Media release by Burmese Rohingya Organisation UK
Burmese Rohingya Organisation UK (BROUK) is concerned that the lack of international condemnation of the disenfranchisement of the Rohingya in Sunday’s election will encourage further human rights violations against the Rohingya people.
Not only has the international community been largely silent about the fact that Rohingya have been disenfranchised from the election, but international governments and organisations, including the European Union, have even been assisting the government of Burma and the government appointed Union Election Commission (UEC) in the holding of this discriminatory election.

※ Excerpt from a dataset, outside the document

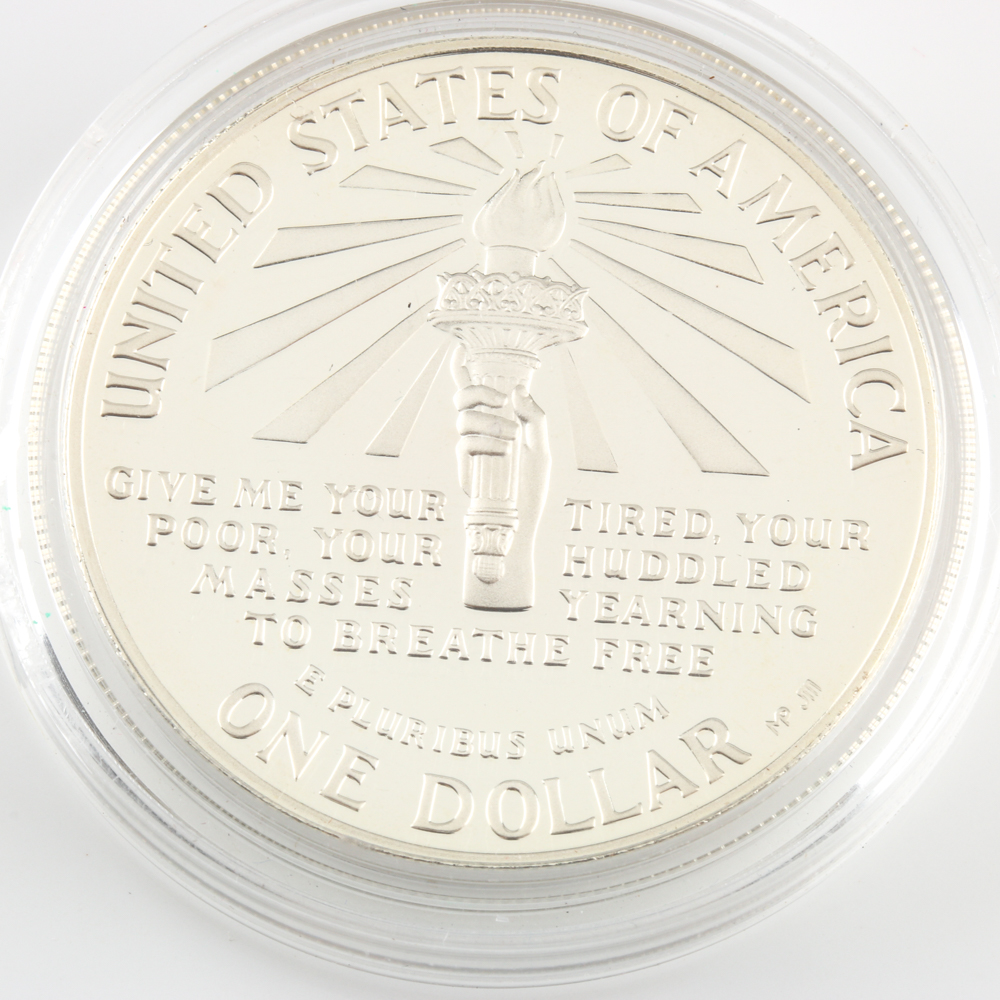 Three U.S. Silver Dollars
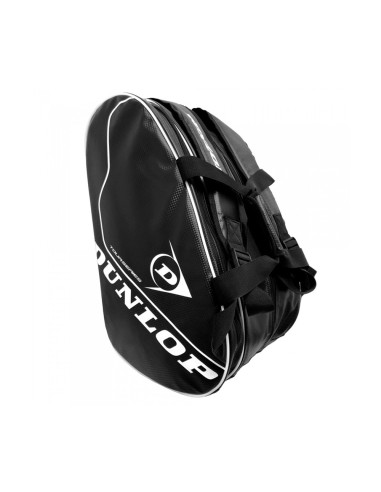 Sac De Padel Dunlop Tour Intro Lt Black And White |DUNLOP |Sacs de padel Dunlop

“The disenfranchisement of the Rohingya in this election is another part of the genocide against us, and it’s being done with international assistance instead of condemnation,” said Tun Khin, President of the Burmese Rohingya Organisations UK. “The message the international community is sending to the government of Burma is that they can commit human rights violations against the Rohingya and not just get away with it, they will even still get international support. This encourages the government to carry on denying our rights and discriminating against us.”
State Counsellor Daw Aung San Suu Kyi decided to keep in place the ban on Rohingya voting in the election, and the UEC, appointed by her government, has continued the policy of barring Rohingya parties and candidates from standing in the election. Those engaged in anti-Rohingya and anti-Muslim hate speech inciting hatred and violence face no legal consequences.
“It is clear that Myanmar’s elections will be unfree, unfair and un-democratic”, Tun Khin said. “The disenfranchisement of the Rohingya is the most extreme example, but other ethnic and religion groups are also facing mass disenfranchisement. By supporting this election, the international community seem to be saying ethnic rights don’t matter. As long as the situation improves for the mainly Buddhist Bamar majority, that is good enough for them.”
Barring Rohingya from voting in the election is also a violation of the provisional measures ordered by the International Court of Justice. The denial of our identity and rights, including the right to vote, is part of the genocide against the Rohingya people.
“If the response of the international community to this election is to welcome it, and only add a small caveat at the end of a statement expressing disappointment that Rohingya were excluded, that is a green light to Aung San Suu Kyi to keep discriminating against us,” said Tun Khin. “The international community must state clearly that disenfranchisement of the Rohingya and other minorities from the election is completely unacceptable and that they will provide no support to future elections as long as this discrimination continues.”